Language and identity are closely linked as how characters use language has its set of socio-political implications. Kanani believes that the ‘British people pronounced [his]name properly’ as ‘Canaan.’ By contrast, Suubi’s boyfriend, Opolot, chooses to speak in English ‘on principle. Otherwise, Luganda would be [his]first language.’

Still, Makumbi’s portrayal of the legacy, heritage and traditions of the Ganda people which gives Kintu its rich cultural fabric is not limited by the English language. The clarity of writing is resonant of the oral tradition, which the author admits greatly influences her work. The simple, sublime prose of the narrative makes it easy to follow, especially given the large cast of characters, and the amount of exposition through which the main characters are layered.

Kintu,which won the inaugural Kwani? Manuscript prize in 2013, was launched to much excitement during the Writivism Festival in Kampala in June this year. It took place shortly after Makumbi won both the regional and overall prize in the Commonwealth Short Story competition for her short story ‘Let’s Tell this Story Properly’, in a ceremony that was held in her home country. These feats, succeeding each other, have cemented her literary integrity. It is only apt for her debut to have been compared with that of Achebe’s Things Fall Apart, which continues to be relevant more than half a century later.
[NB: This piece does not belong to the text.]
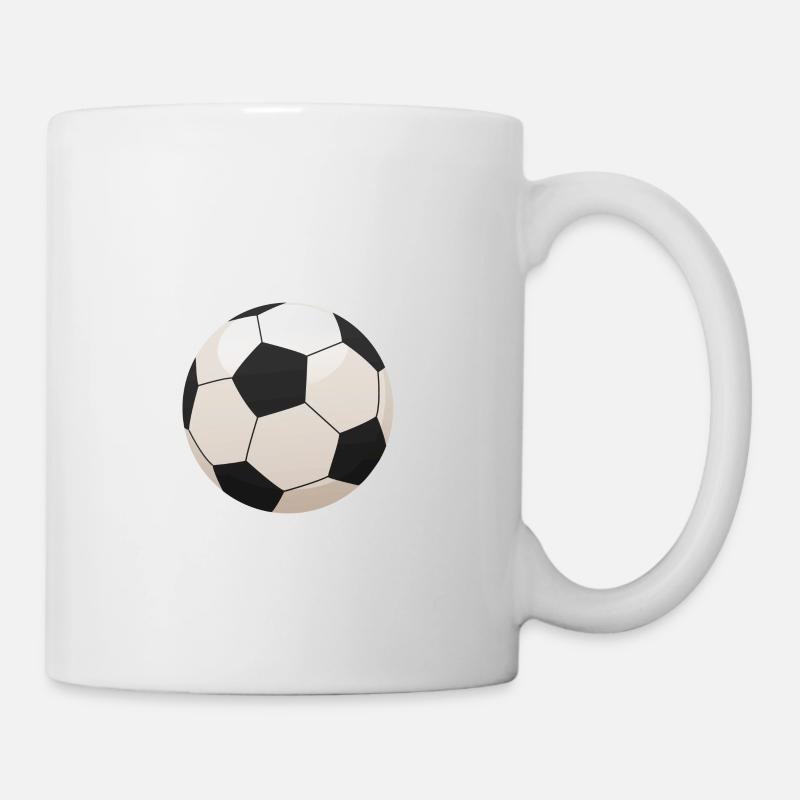 J'peux pas j'ai foot - Mug blanc - blanc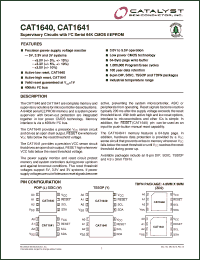 Click here to download CAT1320LI-45T3 Datasheet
It is interesting that Makumbi chooses for the novel’s epigram a quote attributed to 19th Century African explorer, John Hanning Speke, in which he proposes (professes, actually) to ‘accurately describe naked Africa.’ In a way, Kintu works in conversation with Speke’s declaration. However, Kintu grasps the idea of telling our own story and evoking our own experiences, not as an answer to the Empire, but within our own constructs, just as Achebe and the succeeding generation of writers are doing so, for various reasons of expression.

On her reason for writing, Makumbi responds: ‘I tell stories to entertain – to laugh, to cry, to gasp, to wonder’ and in her novel, we find ‘an ancient story kept alive by the breath of belief.’